Karaciğerin tipik bir sonografik görüntüsü vardır ve safra kesesinin görüntülenebilmesi için eko-dostu bir pencere sağlar. Safra kesesi kıvrımlar, septasyonlar ve fundusta lokalize ise Firik şapkası gibi anatomik varyasyonlar gösterebilen oval şekilli kistik bir organ şeklinde görülür. Ana lober fissür (MLF, main lobar fissure) safra kesesini uzun aksında portal vene bağlıyor gibi görülür hepsi birlikte tipik “ünlem işareti” görüntüsünü oluştururlar. Median hepatik ven karaciğeri sağ ve sol loba ayırır ve MLF ile birlikte seyreder. Hepatik arter ve ana safra kanalı (ASK) portal venin anteriorunda yer alır ve üçü birlikte portal triadı oluşturur.

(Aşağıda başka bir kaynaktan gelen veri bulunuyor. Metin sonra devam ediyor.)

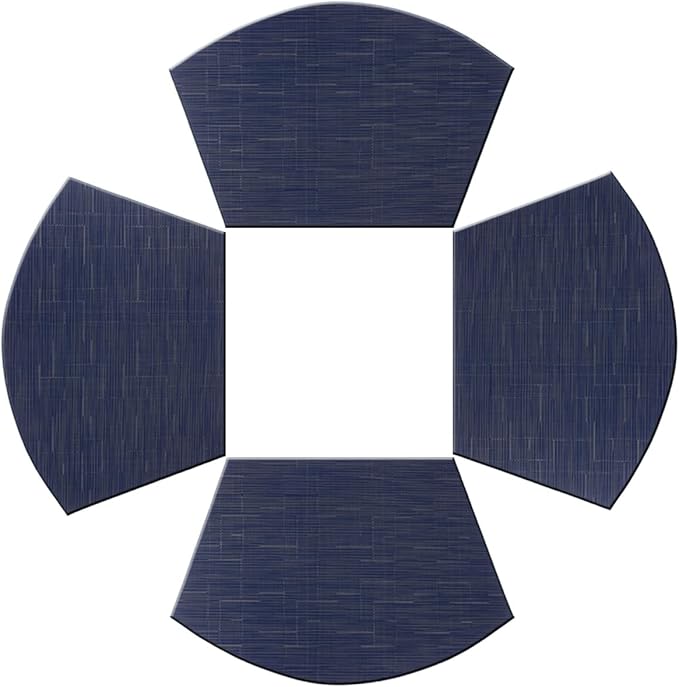 PIGCHCY Wedge Shaped Placemats for Dining Table Washable Vinyl Placemats Heat Resistant Table Mats Set of 4 (Navy Blue)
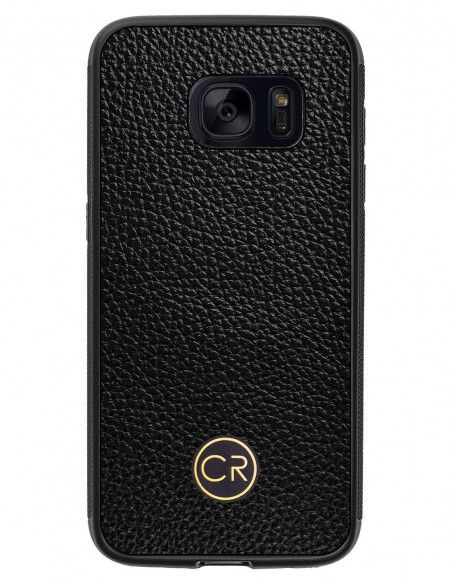 Etui premium skórzane, case na smartfon SAMSUNG GALAXY S7. Skóra floater czarna ze złotą blaszką.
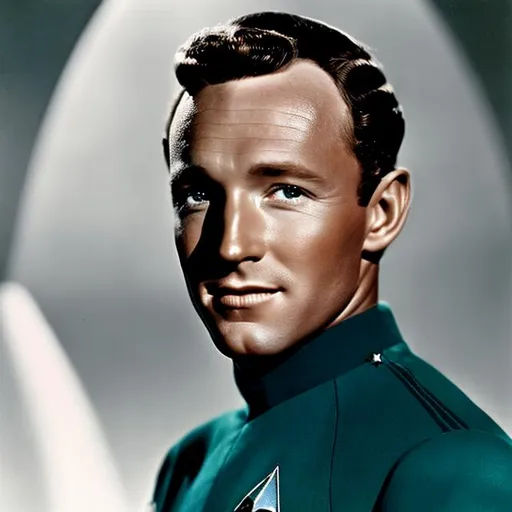 Prompt: A portrait of Bing Crosby, wearing a Starfleet uniform, in the style of the Star Trek movies.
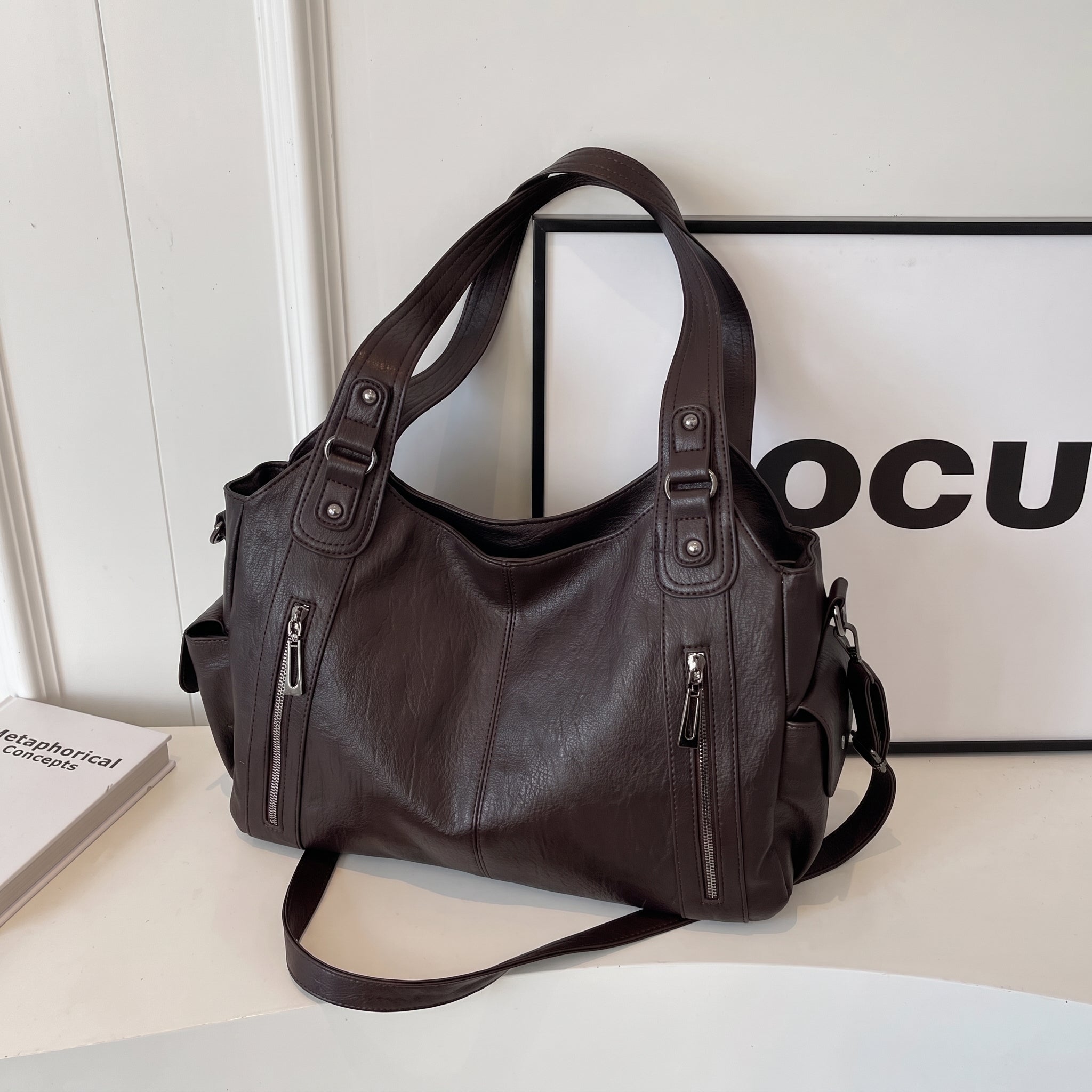 Sophie - Women's Shoulder Bag with Dual Handles and Zip Detail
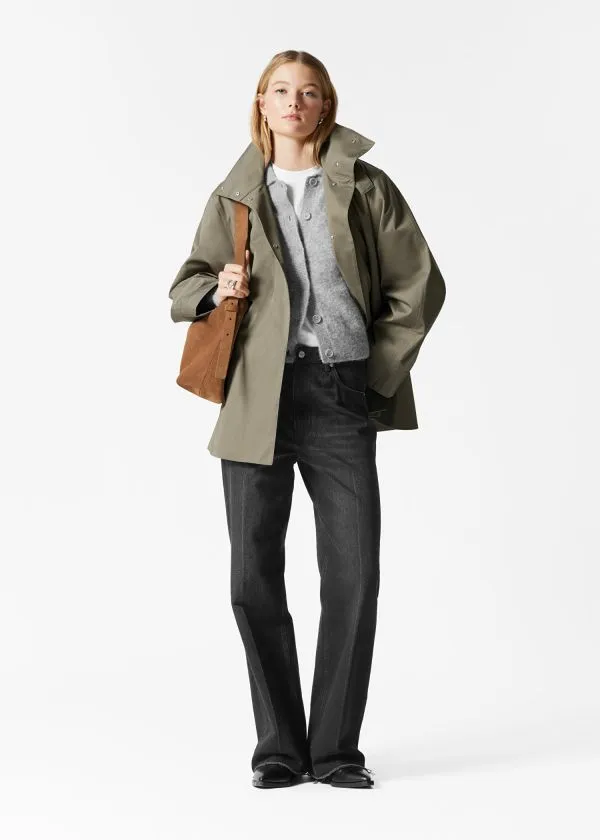and Other Stories Aline FunnelNeck Jacket Khaki Green Women Jackets and Coats
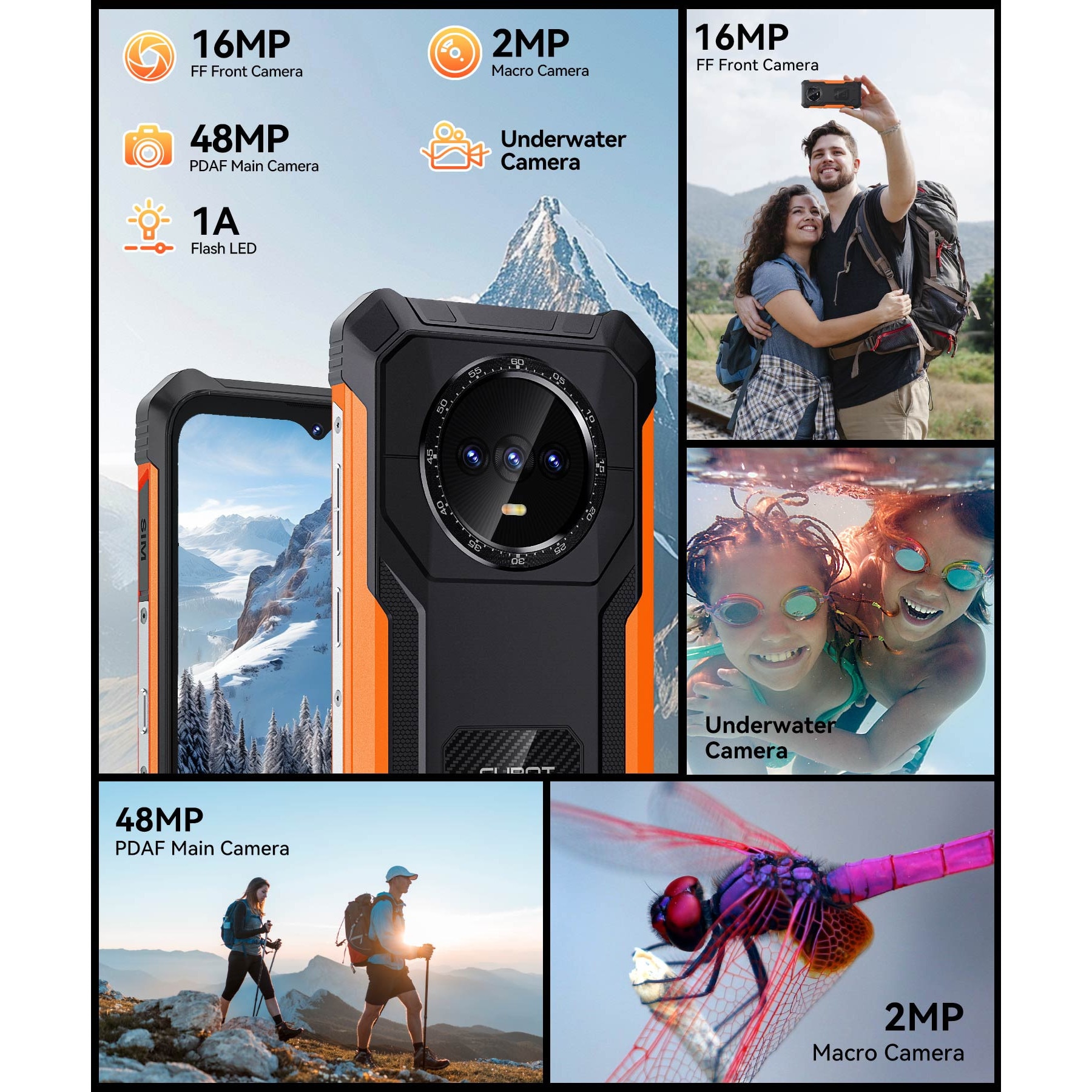 Telefon mobil CUBOT Kingkong ES, Android 14 16GB RAM + 128GB ROM, camera 48MP, display 6,56'', baterie 5100mAh, Dual SIM 4G, impermeabil IP68/IP69K, Portocalie
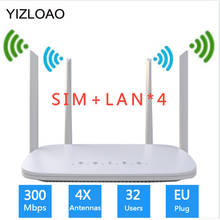 YIZLOAO Unlock 300Mbps Router 4G LTE Wifi US CPE 4 High Gain antenna Mobile hotspot LAN RJ45 port + sim card slot Network Router 2024 - buy cheap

Hasta pozisyonu. Hasta pozisyonu acil biliyer ultrasonografi uygulamasında anahtardır. Beş pozisyon düşünülebilir: supin, sol-lateral dekübit, yarı oturur, dik veya pron. Hastayı supin pozisyona getirerek başlanmalıdır. Diyafragmanın nefes almakla birlikte aşağı doğru inmesi sayesinde karaciğer ve eşlik eden yapılar inferiora doğru itilir ve safra kesesi görüntüye girer. Diğer pozisyonlar safra kesesi görüntülenemediğinde veya safra taşının hareketinin teyit edilmesi istendiğinde faydalı olabilir.
Biliyer Sistemin Taranması
Biliyer sistemin taranması için düşük frekanslı (ör. 3,5-5 MHz) konveks veya sektör prob kullanılmalıdır. Safra kesesinin lokalize edilebilmesi için dört prob yerleşimi kullanılabilir: subkostal, epigastrik, interkostal, flank.
Hasta supin pozisyona alındıktan sonra prob orta klaviküler çizgide, işaretleyici hastanın başına bakacak şekilde subkostal olarak yerleştirilir. Bazı uygulayıcılar probu epigastrik bölgeye yerleştirir ve işaretleyiciyi hastanın sağ omzuna doğru çevirir. Alternatif olarak interkostal pozisyon için prob sağ anterior aksiller çizgide, alt interkostal boşluklara yerleştirilir. Son olarak safra kesesinin lokalize edilebilmesi için probun sağ flank bölgeye/Morrison boşluğu alanına yerleştirilmesi düşünülebilir.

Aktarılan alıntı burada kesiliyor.